I told my mom how girls hear of where I stay and they pull a Houdini. She visited and told me how even her, if she was a girl and I tried hitting on her she’d never come visiting, not with that amount of dust such that someone from the bunduz would have less dusty feet and you are the one in Nairobi. Well that was in good jest. But yes, your home address does matter to many of the people I meet, someone looks at you and wonders loudly, “why couldn’t you just go to South C or Westlands?” that is the opportunity cost paid right there…

It finally dawned to me “come over for lunch” is not taken at face value but is interpreted in so many ways. So just don’t bother offering, keep that yourself, have one man lunches and drink your beer from the balcony as you watch out for peoples body parts that move when they walk, thank you for that line Chimamanda (Got it from Americanah).

Free food, events and more free food

You find yourself taking up all the events that come up through the weekends, watch a play, visit exhibitions, learn a new skill (I’m finally learning how to play the guitar [not to serenade anyone though]  and make the water my friend, apparently I fight with it too much that is why I cannot stay afloat with grace like Kev, how you make water that is more than a glass “your friend” is still a concept I am finding hard to grasp, but I can now do a back stroke while bear hugging a swimming board) and finally and most importantly free food opportunities that do come your way.

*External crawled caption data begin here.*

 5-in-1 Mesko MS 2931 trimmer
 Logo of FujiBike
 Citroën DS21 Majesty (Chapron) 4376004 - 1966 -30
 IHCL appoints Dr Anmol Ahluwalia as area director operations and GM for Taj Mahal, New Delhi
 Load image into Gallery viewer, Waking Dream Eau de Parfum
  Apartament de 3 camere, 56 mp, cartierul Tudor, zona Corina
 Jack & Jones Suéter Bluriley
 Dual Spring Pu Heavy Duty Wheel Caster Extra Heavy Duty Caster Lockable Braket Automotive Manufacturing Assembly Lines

In regard to free real good food there is someone who deserves a special mention. How the universe engineered us knowing each other is absolutely eccentric, but if the end justifies the means, this is already justified (Disclaimer: Do not try this, I cannot guarantee similar results!). Valentines and new underwear or lack of thereof ignited my curiosity enough to want to know who this deviant was. If you are a guy wouldn’t you curious about a lady who doesn’t care about the commercialization of valentines? Dry Red wine for free food? I’m in! Apparently she can cook, things I cannot pronounce without embarrassing myself, so next time someone tells me she can’t cook, I will direct her to someone who has defended a thesis and can put together a pretty decent meal. Alex, your food could not afford to miss out on the highlights of my 360 days.

************

All said and done, it is a continuous learning curve. You learn to live with people around you. You get to discover yourself. And the finally get to break loose from your parents’ nest and begin being responsible on your own without need to be told what needs to be done or followed up on.

I hope the next 360 days, will be more of polishing up and fewer trial and error moves/habits. Since I now understand what works and what doesn’t.